__DATASET CONTENT__
===============

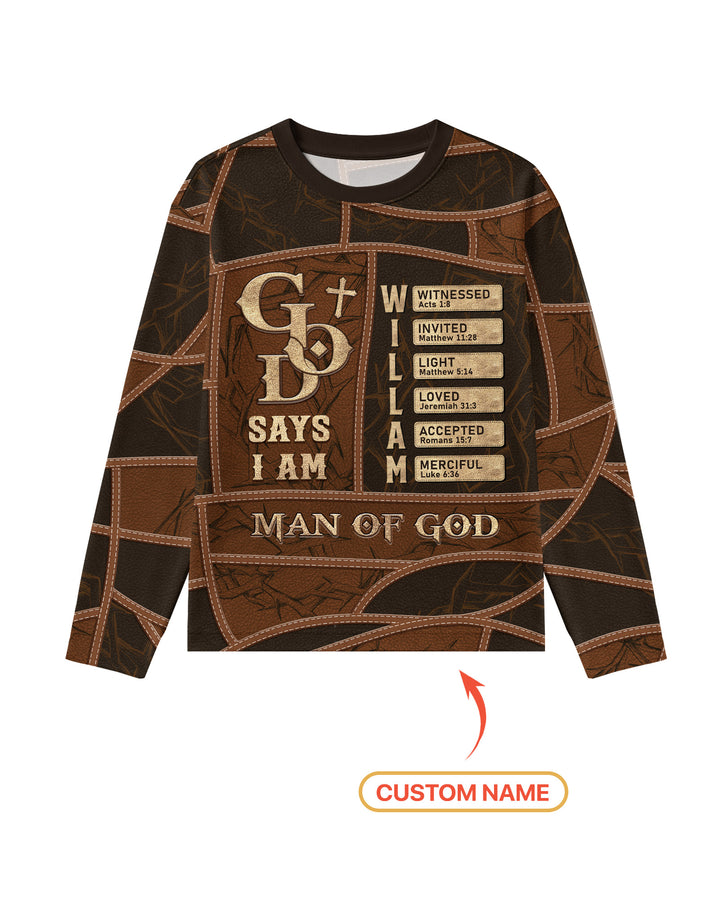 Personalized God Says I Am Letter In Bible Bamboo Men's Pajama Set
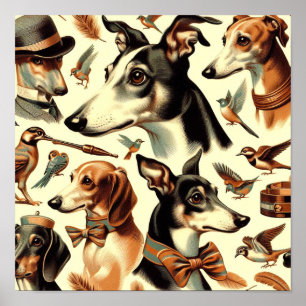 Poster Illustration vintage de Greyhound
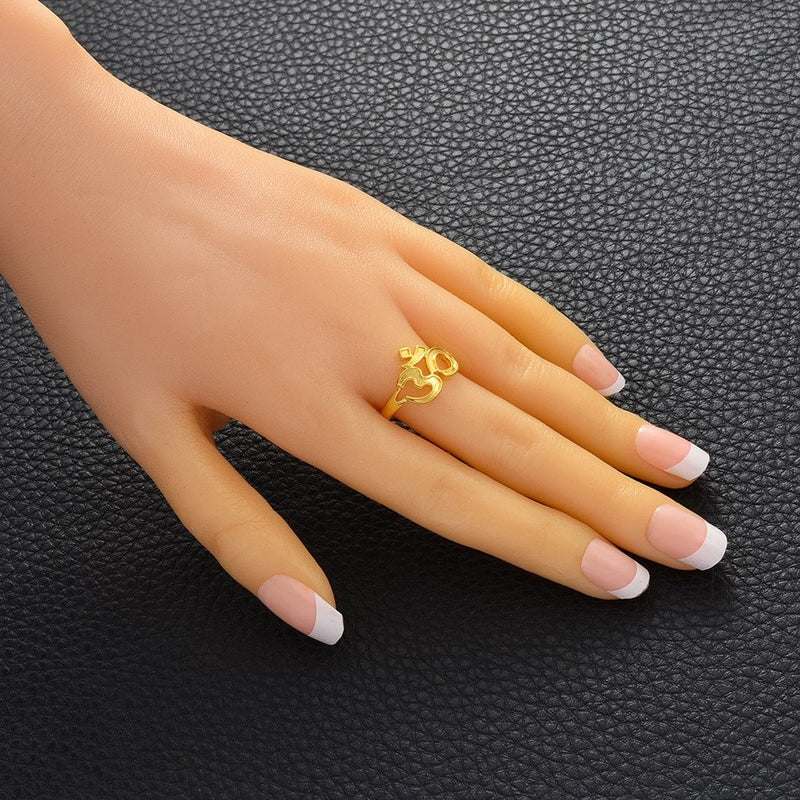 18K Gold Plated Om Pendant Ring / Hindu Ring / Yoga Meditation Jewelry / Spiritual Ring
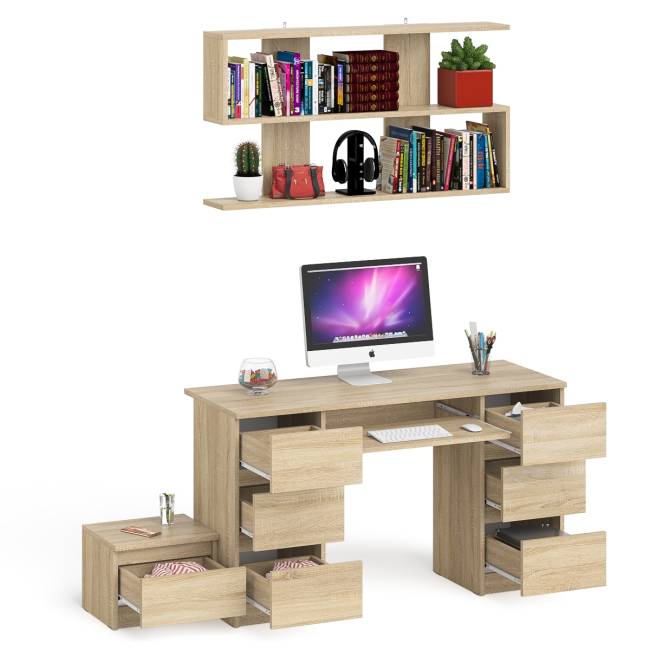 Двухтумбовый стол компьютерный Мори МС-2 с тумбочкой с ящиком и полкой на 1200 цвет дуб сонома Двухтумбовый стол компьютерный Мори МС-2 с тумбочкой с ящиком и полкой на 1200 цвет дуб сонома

===============

From the first line to the last, return the material above exactly, apart from the pictures.

 Personalized God Says I Am Letter In Bible Bamboo Men's Pajama Set
 Poster Illustration vintage de Greyhound
 18K Gold Plated Om Pendant Ring / Hindu Ring / Yoga Meditation Jewelry / Spiritual Ring
 Двухтумбовый стол компьютерный Мори МС-2 с тумбочкой с ящиком и полкой на 1200 цвет дуб сонома Двухтумбовый стол компьютерный Мори МС-2 с тумбочкой с ящиком и полкой на 1200 цвет дуб сонома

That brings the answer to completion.